─── Source data

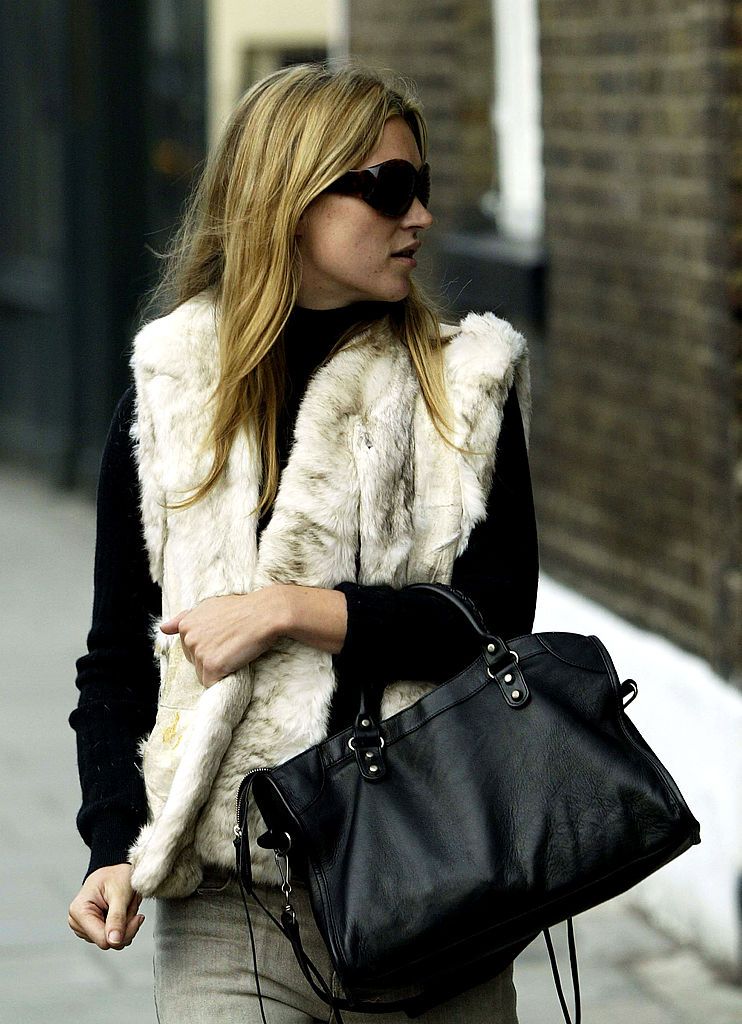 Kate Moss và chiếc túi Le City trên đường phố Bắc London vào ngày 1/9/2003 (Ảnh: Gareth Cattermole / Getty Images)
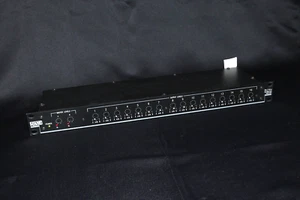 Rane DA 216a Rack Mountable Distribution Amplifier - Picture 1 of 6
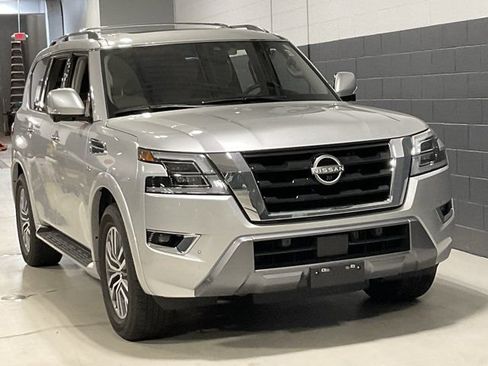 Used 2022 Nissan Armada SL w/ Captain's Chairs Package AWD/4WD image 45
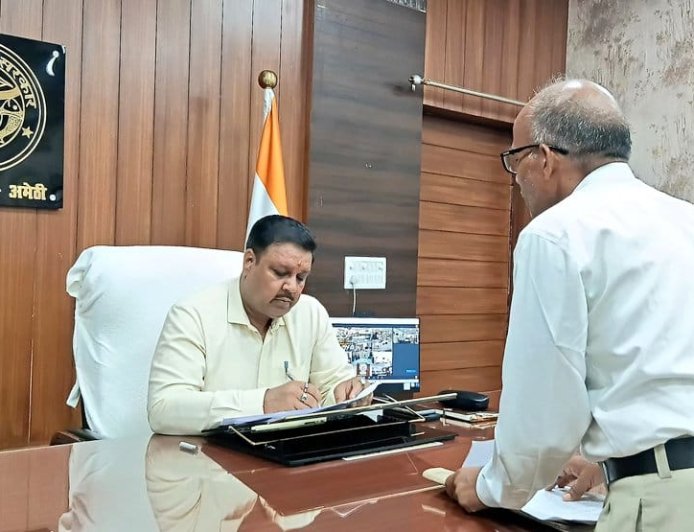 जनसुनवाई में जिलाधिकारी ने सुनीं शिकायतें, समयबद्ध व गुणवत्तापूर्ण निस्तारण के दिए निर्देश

──────

From the first line of the material to the last, retype everything exactly except the images.

 Kate Moss và chiếc túi Le City trên đường phố Bắc London vào ngày 1/9/2003 (Ảnh: Gareth Cattermole / Getty Images)
 Rane DA 216a Rack Mountable Distribution Amplifier - Picture 1 of 6
 Used 2022 Nissan Armada SL w/ Captain's Chairs Package AWD/4WD image 45
 जनसुनवाई में जिलाधिकारी ने सुनीं शिकायतें, समयबद्ध व गुणवत्तापूर्ण निस्तारण के दिए निर्देश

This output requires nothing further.